2024年11月28日

日記

書棚より、かつて読みし「フロスト警部」を取り出し、また手に取り候。
作者はR・D・ウィングフィールド、訳は芹澤恵殿、東京創元社の名作にてござる。

この物語、英吉利(イギリス)の警察を舞台とし、主人公のフロスト警部は、まことに型破り。いや、型など最初から持ち合わせておらぬような御仁でござる。
『クリスマスのフロスト』『夜のフロスト』『フロスト始末』など、幾つも出ておる。

さてこのフロスト警部、その滅茶苦茶ぶりは時に行き過ぎで、また舞い込む事件はどれもこれも陰惨極まりなし。
通常であれば、拙者など、残虐な描写にて眉をひそめるところにござるが、このシリーズに限っては、なぜか不思議と読むことができる。

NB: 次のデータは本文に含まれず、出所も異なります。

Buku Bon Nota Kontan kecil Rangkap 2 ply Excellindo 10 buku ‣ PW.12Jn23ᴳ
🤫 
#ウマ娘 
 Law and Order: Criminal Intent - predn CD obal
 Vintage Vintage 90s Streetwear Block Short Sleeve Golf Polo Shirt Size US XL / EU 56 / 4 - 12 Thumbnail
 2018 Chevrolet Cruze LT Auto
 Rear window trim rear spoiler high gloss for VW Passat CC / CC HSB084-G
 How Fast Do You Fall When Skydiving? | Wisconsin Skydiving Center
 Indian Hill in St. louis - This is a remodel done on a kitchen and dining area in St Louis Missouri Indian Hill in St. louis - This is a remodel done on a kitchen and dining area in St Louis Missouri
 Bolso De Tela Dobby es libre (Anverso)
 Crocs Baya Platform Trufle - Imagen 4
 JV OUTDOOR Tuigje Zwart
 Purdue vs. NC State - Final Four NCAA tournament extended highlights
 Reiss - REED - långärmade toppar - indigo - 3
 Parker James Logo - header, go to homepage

それというのも、フロストの放つ下品な冗談、軽口、ふざけた振る舞いが、かえって悲惨の度を和らげるがゆえ。
かの御仁自身も、「冗談でも言わねば、やっておれぬ」と申しておった。まさにそのとおりにござろう。

登場人物に、マレット署長という男がござる。
常に高圧的で情の薄い人物に描かれ、フロストとは水と油。しかしながら、フロストにいくらあしらわれても、なおもめげぬ精神力には舌を巻く。
彼らの丁々発止のやり取りも、この物語の妙味の一つなり。

フロストの映像化作品も拝見仕ったが、小説のフロストとは印象が大いに異なり、やや違和感を覚えた次第。

ふと、筆を進めるうち、拙者の記憶に浮かんできた書籍がある。
それは、若かりし頃に読んだ「マルティン・ベック」シリーズ。スウェーデンはストックホルムの警視庁を舞台とし、作家は夫婦の共著によるものにて、『ロセアンナ』を皮切りとする重厚な警察小説にて候。

こちらはフロストと違い、下品さ皆無。ひたすら淡々と、迷いながら歩みを止めない、足で稼ぐ刑事の物語でござる。
興に乗り、ストックホルムの地図を買い求めて、物語の舞台を辿りながら読んものでござった。